El divorcio
Recuerdo muy bien la boda de Chábely, no ya porque fuera recibida como el acontecimiento público más oligofrénico de la década, sino porque consiguió congregar en torno a él a representantes de todas las fuerzas sociales. Efectivamente, ningún otro suceso público ha gozado de aquella capacidad de convocatoria: asistieron representantes de las finanzas, de las artes y las letras, de la política, de la Iglesia, del Ejército, de la canción... Por decirlo de un modo rápido, asistió todo el mundo. Quizá no vuelva a darse otro suceso, subnormal o no, en el que coincida gente tan importante y tan dispar como en aquel enlace, en torno al cual España entera logró ponerse de acuerdo durante algunas horas; al menos, claro, que a la Complutense le dé por nombrar honoris causa a De la Rosa. Hay doctorados honoris causa que, sin resultar mucho más inteligentes que esta clase de bodas, también tienen la virtud de reunir a cantidad de gente y de conciliar, por tanto, voluntades antagónicas. O sea, que tampoco hemos olvidado la ceremonia por la que Mario Conde fue investido doctor honoris causa. No resultó, desde el punto de vista de la variedad antropológica, tan completa como la de la boda de Chábeli, pero compitió con ella en talento artístico y consenso político.
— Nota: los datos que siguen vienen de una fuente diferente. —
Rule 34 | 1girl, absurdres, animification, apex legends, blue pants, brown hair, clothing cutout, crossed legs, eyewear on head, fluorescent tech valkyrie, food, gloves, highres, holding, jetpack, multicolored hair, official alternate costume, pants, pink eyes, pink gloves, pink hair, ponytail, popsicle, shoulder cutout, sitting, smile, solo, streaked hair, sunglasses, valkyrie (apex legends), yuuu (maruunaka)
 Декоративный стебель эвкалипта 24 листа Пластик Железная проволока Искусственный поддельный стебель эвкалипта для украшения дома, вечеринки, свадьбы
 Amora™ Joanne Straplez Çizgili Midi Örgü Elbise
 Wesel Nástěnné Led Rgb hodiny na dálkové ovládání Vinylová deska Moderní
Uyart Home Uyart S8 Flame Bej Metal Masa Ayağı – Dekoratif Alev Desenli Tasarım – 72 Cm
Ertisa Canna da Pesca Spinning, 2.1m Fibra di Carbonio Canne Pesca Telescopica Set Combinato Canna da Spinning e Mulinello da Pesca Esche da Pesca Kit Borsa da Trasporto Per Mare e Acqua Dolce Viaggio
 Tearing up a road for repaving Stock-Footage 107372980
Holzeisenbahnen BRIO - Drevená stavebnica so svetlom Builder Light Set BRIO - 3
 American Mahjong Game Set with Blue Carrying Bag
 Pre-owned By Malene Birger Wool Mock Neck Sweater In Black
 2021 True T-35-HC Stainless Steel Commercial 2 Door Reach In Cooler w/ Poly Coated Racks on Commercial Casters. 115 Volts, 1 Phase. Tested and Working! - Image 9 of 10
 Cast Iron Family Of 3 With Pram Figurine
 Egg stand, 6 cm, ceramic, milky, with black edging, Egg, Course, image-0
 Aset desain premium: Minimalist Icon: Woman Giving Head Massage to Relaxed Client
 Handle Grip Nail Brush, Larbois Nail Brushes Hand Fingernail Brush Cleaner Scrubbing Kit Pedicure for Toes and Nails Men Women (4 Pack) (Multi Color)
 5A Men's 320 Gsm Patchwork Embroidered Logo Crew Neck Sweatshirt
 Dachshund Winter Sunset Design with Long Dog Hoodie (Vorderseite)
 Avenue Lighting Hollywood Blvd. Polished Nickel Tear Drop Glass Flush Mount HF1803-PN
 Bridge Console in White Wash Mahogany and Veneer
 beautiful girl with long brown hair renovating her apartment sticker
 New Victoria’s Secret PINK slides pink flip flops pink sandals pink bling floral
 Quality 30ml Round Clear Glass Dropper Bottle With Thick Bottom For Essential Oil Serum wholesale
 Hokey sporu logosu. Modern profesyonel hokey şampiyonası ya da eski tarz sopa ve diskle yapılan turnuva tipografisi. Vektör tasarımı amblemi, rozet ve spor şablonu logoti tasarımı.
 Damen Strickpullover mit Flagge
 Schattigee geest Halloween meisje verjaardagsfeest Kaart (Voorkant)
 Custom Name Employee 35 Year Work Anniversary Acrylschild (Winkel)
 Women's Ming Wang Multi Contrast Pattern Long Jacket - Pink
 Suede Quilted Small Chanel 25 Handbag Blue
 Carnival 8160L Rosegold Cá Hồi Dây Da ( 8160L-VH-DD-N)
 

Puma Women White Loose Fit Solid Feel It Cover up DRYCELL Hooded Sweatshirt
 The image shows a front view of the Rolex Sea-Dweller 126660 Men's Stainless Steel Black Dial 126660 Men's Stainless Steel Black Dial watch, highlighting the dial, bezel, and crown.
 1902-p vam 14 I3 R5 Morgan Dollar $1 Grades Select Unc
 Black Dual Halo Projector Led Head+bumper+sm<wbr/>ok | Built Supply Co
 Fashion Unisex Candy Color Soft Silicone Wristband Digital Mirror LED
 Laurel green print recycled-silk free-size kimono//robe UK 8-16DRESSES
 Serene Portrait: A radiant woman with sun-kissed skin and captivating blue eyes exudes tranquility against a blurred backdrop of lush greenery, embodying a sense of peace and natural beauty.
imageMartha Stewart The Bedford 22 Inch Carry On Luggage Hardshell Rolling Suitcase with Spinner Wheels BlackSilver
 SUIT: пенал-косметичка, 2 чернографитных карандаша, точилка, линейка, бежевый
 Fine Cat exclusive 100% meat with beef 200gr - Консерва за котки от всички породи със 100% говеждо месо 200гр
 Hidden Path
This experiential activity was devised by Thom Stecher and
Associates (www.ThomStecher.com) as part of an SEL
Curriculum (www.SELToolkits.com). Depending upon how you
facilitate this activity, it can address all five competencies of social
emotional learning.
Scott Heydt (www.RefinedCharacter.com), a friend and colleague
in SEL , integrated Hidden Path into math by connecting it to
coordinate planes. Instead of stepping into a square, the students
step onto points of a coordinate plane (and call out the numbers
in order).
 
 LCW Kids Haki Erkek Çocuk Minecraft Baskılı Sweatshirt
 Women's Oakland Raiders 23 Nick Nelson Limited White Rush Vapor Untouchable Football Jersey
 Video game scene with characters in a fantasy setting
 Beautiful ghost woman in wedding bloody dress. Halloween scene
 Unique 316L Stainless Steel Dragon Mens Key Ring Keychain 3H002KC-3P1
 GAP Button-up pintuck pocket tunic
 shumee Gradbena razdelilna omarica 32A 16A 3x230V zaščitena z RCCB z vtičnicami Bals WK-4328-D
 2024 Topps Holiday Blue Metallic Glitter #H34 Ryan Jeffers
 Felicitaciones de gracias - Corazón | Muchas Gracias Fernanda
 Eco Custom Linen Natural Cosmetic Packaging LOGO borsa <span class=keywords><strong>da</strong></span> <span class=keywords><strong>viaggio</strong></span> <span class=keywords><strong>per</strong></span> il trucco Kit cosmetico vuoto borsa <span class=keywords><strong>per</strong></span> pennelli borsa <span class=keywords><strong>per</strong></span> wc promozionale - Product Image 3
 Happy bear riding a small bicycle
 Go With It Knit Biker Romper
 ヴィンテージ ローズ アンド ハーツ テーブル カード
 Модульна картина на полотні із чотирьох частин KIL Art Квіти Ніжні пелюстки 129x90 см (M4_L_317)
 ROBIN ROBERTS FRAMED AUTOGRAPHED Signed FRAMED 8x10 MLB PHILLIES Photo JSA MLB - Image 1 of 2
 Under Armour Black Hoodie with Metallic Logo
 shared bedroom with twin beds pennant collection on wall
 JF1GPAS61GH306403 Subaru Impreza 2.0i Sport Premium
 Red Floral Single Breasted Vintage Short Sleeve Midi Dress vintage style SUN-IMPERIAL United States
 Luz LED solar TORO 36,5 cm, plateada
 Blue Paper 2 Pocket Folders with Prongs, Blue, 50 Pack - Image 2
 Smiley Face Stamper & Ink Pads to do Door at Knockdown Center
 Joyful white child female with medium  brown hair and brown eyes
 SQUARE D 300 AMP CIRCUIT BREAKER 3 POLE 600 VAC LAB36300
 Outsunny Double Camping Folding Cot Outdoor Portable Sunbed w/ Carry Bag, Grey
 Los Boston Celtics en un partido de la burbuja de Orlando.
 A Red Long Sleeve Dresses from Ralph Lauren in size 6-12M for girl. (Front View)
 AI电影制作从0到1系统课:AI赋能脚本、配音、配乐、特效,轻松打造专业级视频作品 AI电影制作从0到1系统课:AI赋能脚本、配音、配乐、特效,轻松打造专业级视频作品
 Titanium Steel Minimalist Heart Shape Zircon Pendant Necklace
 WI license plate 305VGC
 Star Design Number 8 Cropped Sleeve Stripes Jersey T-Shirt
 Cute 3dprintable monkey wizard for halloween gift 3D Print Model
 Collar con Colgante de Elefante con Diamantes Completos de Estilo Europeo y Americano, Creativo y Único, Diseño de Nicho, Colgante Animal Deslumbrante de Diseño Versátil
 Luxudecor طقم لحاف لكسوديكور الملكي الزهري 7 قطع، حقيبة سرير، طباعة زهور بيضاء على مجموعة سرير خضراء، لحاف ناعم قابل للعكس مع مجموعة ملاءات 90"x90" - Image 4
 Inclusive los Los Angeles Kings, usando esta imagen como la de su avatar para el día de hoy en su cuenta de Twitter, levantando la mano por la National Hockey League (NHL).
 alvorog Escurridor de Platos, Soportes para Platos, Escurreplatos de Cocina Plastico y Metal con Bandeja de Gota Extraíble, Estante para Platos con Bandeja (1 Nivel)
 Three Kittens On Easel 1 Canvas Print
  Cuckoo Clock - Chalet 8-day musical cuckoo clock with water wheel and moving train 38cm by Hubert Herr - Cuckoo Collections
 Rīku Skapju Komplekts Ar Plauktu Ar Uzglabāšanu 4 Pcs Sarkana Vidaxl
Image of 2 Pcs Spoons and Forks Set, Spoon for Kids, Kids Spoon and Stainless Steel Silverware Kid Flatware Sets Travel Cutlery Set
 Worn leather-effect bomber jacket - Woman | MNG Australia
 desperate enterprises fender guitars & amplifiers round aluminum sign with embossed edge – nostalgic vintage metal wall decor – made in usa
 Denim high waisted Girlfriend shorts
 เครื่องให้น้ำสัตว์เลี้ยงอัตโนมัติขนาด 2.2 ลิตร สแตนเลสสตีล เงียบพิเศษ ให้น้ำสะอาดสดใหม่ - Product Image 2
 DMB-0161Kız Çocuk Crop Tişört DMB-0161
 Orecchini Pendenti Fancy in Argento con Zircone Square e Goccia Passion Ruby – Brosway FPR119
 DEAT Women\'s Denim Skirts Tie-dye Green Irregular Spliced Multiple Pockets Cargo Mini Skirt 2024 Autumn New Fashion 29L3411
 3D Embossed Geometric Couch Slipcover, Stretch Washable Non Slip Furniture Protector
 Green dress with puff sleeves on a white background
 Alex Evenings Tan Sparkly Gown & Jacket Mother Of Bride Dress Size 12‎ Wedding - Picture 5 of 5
Malo fue que encarcelan a Conde cuando aún teníamos en la retina, además de su imagen de doctor, la fotografía de los invitados al acto. Pero lo que no creo que este país pueda soportar mucho tiempo es el divorcio de Chábeli. En eso se nota que las cosas van mal y no en la cotización de la peseta: si se nos caen los símbolos en los que se concentra todo el significado de una época, estamos perdidos. Yo les pediría a Chábeli y a Bofill que se lo piensen antes de destruir su matrimonio. Si no por ellos, que lo hagan por España. Muchas gracias.